By Dylan Bushell-Embling
Tuesday, 30 July, 2019


Public sector organisations vulnerable to cyber attacks

Nearly half of security professionals at public sector organisations across seven markets including Australia say attackers will breach their network every time they try, new research from CyberArk indicates.

A survey of security professionals in Australia, the UK, the US, France, Germany, Israel and Singapore found that 47% of public sector respondents have experienced at least one cyber attack that impacted operations during the past three years.

More than two-thirds (68%) of respondents from the sector admit that their organisation is susceptible to a carefully targeted attack.

The greatest public sector security risks are considered to be ransomware or malware (60%), phishing or other external attacks (57%), cloud security risks (42%), excess administrative privileges (41%), insider threats (41%), shadow IT practices (38%) and unmanaged privileged access (37%).

But while 81% of respondents agree that IT infrastructure and critical data are not fully protected unless privileged accounts, credentials and secrets are secured, only 45% have a privileged access security strategy in place for protecting business-critical applications, and only 41% have such a strategy for cloud infrastructure.

The report did find that public sector organisations are increasingly aware of cyber risks, with 78% of respondents stating that their organisation has prioritised cybersecurity as an important investment for the business.

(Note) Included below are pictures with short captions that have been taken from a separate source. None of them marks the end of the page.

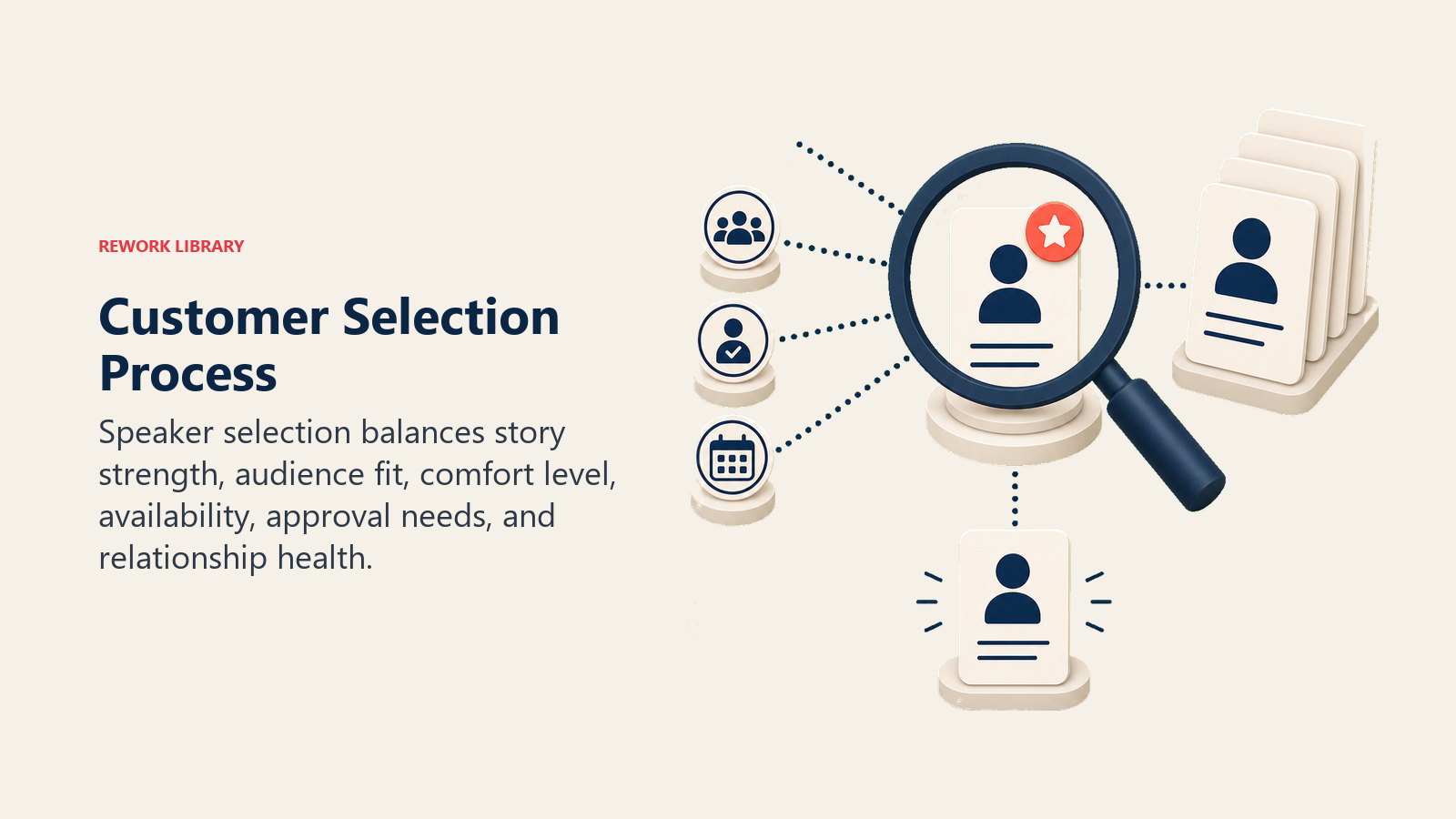 Customer Selection Process showing speaker selection lens choosing one blank customer story card from grouped candidate cards with one plain coral fit marker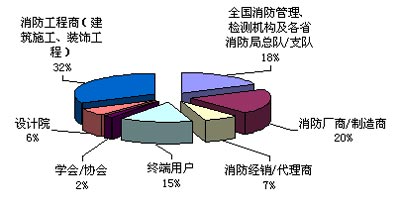 中国行业资讯大全消防行业卷强劲发行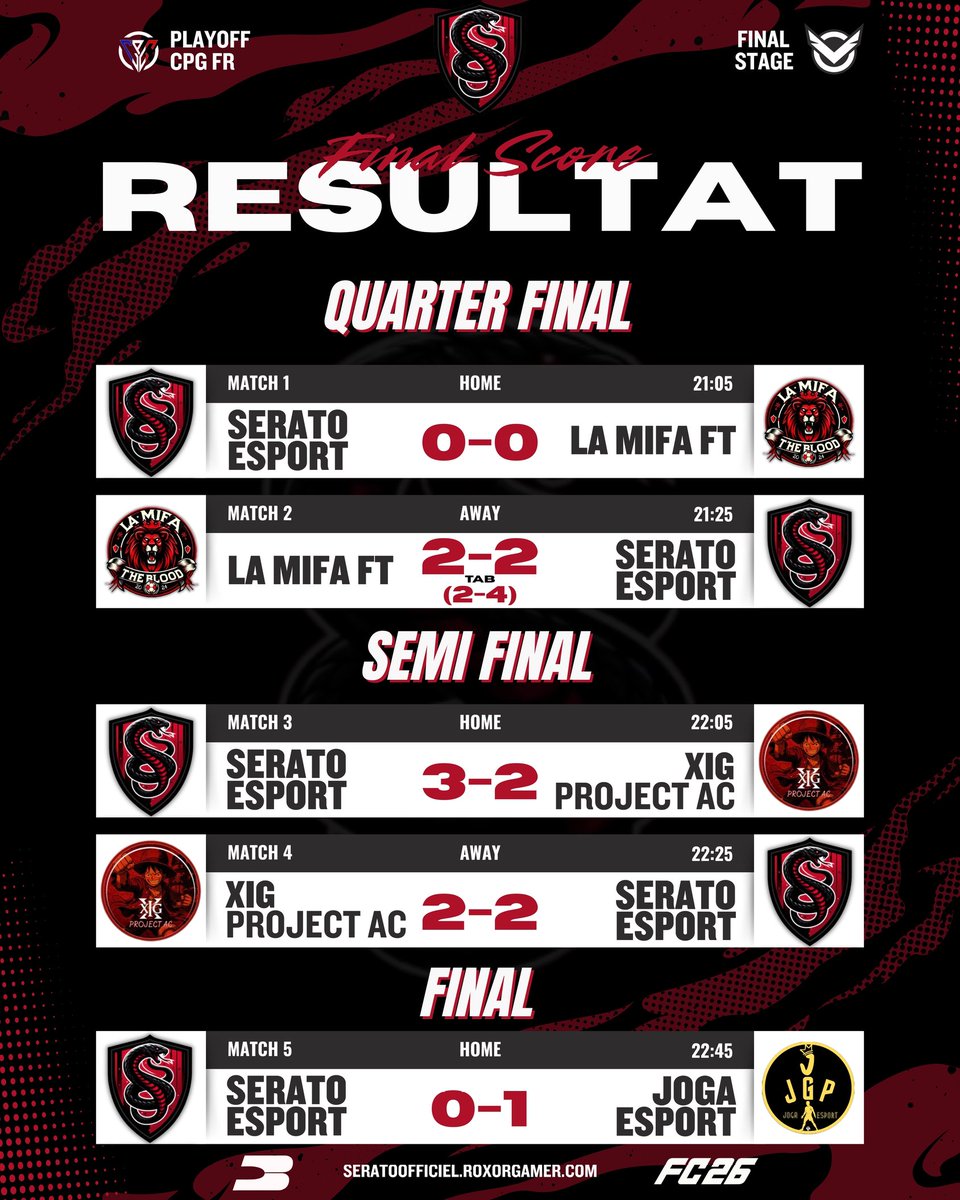 SRT Mesah (@srtmesah) on Twitter photo FC26 ⚫️🔴
Resultat des playoff final <a href="/CPG_FR/">CPG France</a>
L équipe a répondu !
De la cohésion, de la solidité, une équipe soudé avec un mental à tout épreuve.
Gros bravo au joueur
Go Serato 🔴⚫️ FC26 ⚫️🔴
Resultat des playoff final <a href="/CPG_FR/">CPG France</a>
L équipe a répondu !
De la cohésion, de la solidité, une équipe soudé avec un mental à tout épreuve.
Gros bravo au joueur
Go Serato 🔴⚫️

But despite this, the public sector was the least prepared for complying with data breach notification regulations of all sectors covered in the report. For example, only 36% reported being prepared to issue a data breach notification within the 72-hour window mandated by the EU’s General Data Protection Regulation (GDPR).

In addition, 36% of public sector organisations would be willing to pay fines for non-compliance with major regulations but would not change security policies even after experiencing a successful cyber attack.